Luxembourg-based graphene nanotube manufacturer

OCSiAl, is a Luxembourgish nanotechnology company based in Leudelange. It specializes in the production of graphene nanotubes, also known as single-walled carbon nanotubes (SWCNTs), and graphene nanotube-based products, and is considered the largest producer in the world.

==History==
OCSiAl was founded in 2010 (Note: Luxemburger Wort names 2009 as the year of foundation.) in Novosibirsk by Russian physicists Yuri Koropachinsky, Oleg Kirillov, Yuri Zelvensky, and Mikhail Predtechensky. The name OCSiAl is derived from the chemical symbols for oxygen (O), carbon (C), silicon (Si), and aluminium (Al).

In 2014, Frost & Sullivan recognized OCSiAl with the North American Award for Technology Innovation for its SWCNT products.

In 2015, the U.S. National Nanotechnology Initiative recognized OCSiAl for expanding its matching grant program (iNanoComm), which supports research into SWCNT applications.

In 2016, OCSiAl registered OCSiAl’s SWCNTs under the European Union's REACH regulations, initially allowing production and commercialization of up to 10 tonnes annually. The capacity was increased to 100 tonnes annually in 2020, and by the end of 2025 OCSiAl is still the only company permitted at this volume.

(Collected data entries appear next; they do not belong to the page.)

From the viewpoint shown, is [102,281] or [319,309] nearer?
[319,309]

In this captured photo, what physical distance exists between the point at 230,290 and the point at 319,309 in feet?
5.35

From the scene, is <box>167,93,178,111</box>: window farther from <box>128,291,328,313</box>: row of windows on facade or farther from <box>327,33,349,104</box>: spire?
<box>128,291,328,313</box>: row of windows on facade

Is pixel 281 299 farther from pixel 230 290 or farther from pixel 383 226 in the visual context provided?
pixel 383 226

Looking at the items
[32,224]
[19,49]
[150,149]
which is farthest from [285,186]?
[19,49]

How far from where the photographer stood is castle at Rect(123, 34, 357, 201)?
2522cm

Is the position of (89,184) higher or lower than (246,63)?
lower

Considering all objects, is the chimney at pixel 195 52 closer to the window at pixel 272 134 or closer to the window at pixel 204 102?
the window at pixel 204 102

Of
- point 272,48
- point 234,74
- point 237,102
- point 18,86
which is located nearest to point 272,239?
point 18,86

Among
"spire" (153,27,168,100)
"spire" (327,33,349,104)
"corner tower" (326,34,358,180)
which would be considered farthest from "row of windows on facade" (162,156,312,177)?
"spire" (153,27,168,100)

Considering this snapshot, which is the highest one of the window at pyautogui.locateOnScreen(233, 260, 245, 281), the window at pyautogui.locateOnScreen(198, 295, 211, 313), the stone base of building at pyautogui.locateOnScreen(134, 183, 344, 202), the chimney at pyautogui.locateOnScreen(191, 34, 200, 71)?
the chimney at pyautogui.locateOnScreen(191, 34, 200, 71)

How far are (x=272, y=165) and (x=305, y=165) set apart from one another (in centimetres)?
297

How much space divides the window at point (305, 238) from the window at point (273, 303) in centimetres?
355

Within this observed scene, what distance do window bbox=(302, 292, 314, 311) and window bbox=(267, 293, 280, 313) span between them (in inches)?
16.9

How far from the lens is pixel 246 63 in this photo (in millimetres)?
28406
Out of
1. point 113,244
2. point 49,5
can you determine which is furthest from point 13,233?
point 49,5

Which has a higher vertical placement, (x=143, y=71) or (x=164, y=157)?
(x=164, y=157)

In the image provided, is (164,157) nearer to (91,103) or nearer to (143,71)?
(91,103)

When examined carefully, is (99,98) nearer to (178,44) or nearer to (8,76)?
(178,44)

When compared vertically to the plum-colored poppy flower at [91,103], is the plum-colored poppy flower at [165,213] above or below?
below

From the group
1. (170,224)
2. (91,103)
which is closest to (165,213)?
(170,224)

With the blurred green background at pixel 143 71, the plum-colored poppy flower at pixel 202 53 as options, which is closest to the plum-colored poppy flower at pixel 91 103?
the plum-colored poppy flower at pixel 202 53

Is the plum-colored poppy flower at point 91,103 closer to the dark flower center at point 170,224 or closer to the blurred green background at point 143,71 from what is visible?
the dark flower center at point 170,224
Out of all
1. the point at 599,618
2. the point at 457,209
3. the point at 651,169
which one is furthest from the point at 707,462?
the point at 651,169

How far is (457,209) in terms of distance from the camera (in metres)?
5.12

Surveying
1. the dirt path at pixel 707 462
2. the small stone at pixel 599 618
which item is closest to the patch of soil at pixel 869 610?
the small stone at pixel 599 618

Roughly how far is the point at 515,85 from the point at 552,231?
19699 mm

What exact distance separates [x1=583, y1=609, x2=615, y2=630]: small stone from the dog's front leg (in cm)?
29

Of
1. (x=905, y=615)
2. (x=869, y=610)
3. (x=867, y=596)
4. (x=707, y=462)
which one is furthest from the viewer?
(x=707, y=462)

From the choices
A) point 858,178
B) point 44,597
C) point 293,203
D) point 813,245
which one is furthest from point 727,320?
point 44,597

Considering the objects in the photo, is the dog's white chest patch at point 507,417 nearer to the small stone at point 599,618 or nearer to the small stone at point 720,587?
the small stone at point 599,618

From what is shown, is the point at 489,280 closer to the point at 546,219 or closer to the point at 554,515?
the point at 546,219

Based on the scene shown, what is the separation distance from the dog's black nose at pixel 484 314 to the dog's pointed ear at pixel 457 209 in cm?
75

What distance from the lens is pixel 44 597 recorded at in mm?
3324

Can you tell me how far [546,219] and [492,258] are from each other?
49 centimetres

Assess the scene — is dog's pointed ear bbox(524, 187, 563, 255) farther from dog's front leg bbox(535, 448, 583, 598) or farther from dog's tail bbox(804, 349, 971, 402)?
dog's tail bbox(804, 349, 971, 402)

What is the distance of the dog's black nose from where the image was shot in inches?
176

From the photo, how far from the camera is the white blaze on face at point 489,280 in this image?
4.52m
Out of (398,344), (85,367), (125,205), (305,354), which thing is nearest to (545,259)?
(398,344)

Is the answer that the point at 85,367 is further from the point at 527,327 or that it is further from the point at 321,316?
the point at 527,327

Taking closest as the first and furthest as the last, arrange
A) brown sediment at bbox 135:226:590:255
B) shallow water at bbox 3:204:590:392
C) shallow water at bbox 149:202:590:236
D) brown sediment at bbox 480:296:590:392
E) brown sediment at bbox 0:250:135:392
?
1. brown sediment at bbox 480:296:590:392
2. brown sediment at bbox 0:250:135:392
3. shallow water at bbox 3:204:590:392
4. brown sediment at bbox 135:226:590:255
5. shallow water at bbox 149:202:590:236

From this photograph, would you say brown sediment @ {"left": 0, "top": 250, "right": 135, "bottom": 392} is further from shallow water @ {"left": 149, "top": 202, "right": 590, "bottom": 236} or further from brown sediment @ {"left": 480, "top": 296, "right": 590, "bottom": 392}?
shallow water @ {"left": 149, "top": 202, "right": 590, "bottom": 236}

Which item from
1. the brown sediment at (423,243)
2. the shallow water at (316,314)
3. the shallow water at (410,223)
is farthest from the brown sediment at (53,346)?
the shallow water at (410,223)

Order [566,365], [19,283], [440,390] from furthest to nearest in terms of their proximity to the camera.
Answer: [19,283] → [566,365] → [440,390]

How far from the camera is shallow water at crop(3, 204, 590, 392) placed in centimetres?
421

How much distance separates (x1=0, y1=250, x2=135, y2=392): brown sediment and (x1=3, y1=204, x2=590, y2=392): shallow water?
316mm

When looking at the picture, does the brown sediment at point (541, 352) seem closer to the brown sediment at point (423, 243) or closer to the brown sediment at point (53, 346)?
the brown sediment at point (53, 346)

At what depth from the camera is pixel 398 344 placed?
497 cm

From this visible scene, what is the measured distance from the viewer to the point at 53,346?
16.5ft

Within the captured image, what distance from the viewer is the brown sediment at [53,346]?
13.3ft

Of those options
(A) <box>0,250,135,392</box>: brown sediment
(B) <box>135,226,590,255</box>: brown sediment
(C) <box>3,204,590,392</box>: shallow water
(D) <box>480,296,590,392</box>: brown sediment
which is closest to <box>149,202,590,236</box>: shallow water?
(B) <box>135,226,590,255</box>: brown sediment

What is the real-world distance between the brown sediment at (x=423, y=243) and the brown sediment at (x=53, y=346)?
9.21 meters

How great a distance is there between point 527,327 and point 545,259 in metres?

In 2019, OCSiAl became a unicorn with a valuation exceeding $1 billion. In the same year, OCSiAl opened a research laboratory in Pudong, Shanghai. The facility includes laboratories and quality control (QC) facilities for nanotube applications in batteries, composites, polymers, elastomers, and coatings. Later that year, the United States Environmental Protection Agency (EPA) published a Significant New Use Rule (SNUR) in the Federal Register for OCSiAl’s products which permitted their commercialization.

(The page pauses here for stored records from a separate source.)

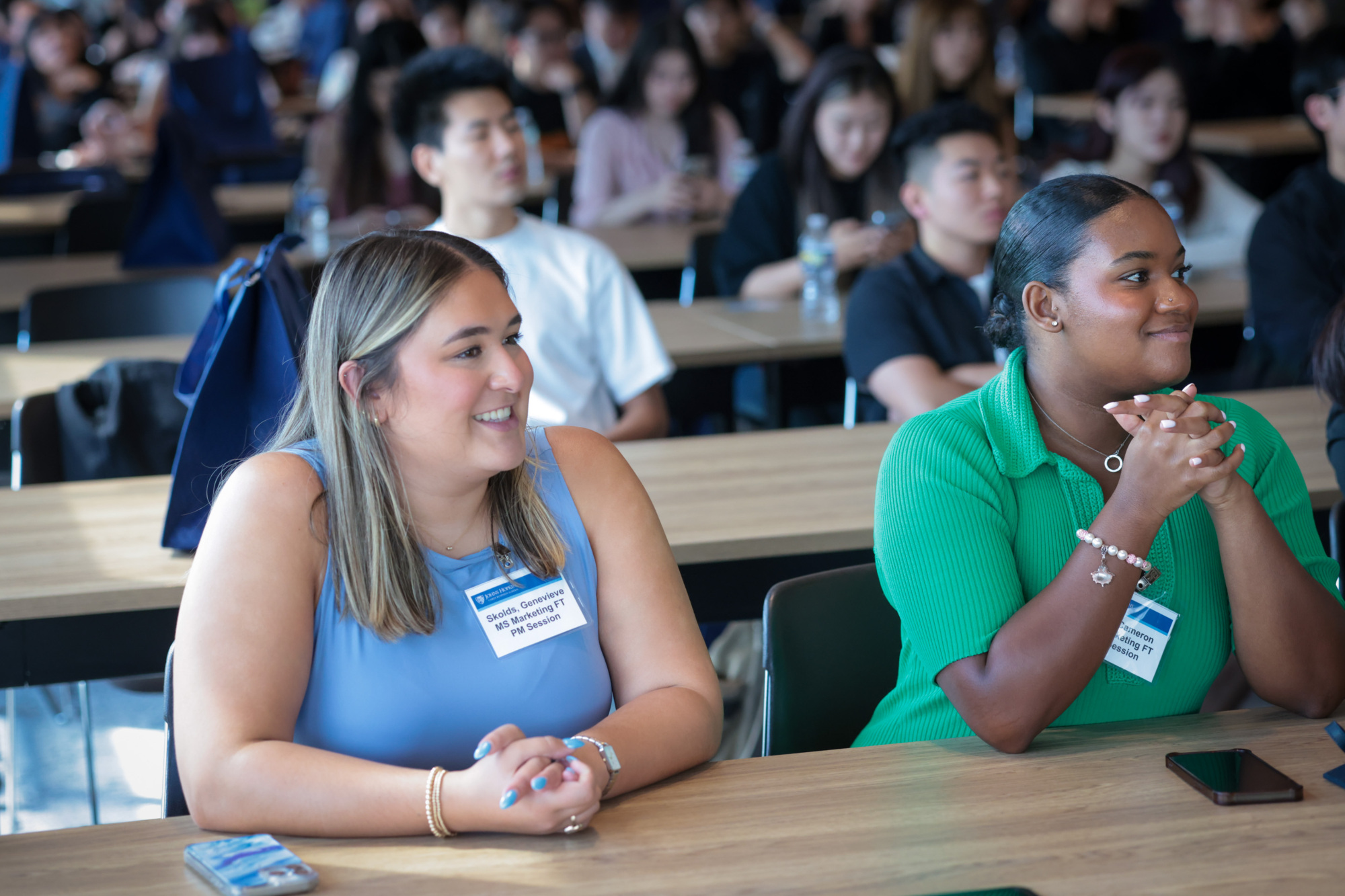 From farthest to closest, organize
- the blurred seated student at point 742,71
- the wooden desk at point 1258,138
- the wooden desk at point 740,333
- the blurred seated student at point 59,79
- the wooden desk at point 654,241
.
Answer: the blurred seated student at point 742,71, the blurred seated student at point 59,79, the wooden desk at point 1258,138, the wooden desk at point 654,241, the wooden desk at point 740,333

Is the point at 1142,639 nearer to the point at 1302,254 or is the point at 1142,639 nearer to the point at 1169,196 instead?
the point at 1302,254

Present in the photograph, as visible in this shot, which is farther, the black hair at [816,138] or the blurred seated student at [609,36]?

In October 2020, OCSiAl opened a research laboratory in Foetz, Luxembourg. The facility develops and tests material formulations and processing methods to improve production systems.

In 2021, Daikin Industries invested in OCSiAl, valuing it at approximately $1.7 billion, to further develop lithium-ion battery materials.

In 2024, OCSiAl appointed former Marvel Entertainment chief executive Peter Cuneo as its board chairman. In October 2024, OCSiAl opened a production facility in Serbia with an annual capacity of 60 tonnes of graphene nanotubes. It also announced plans to construct an additional facility in Serbia and a production hub in Differdange, Luxembourg.

==Products==
OCSiAI's main product is high-purity graphene nanotubes, and graphene-nanotube-based concentrates and suspensions for battery applications and for thermoplastics, thermosets, and elastomers.

OCSiAI’s graphene nanotubes are commercially applied in industrial rubber parts, functional prosthetics, battery cells, paints and coatings, composites, smart textiles, personal protective equipment, consumer electronics, packaging, industrial tanks, tires, and various plastics.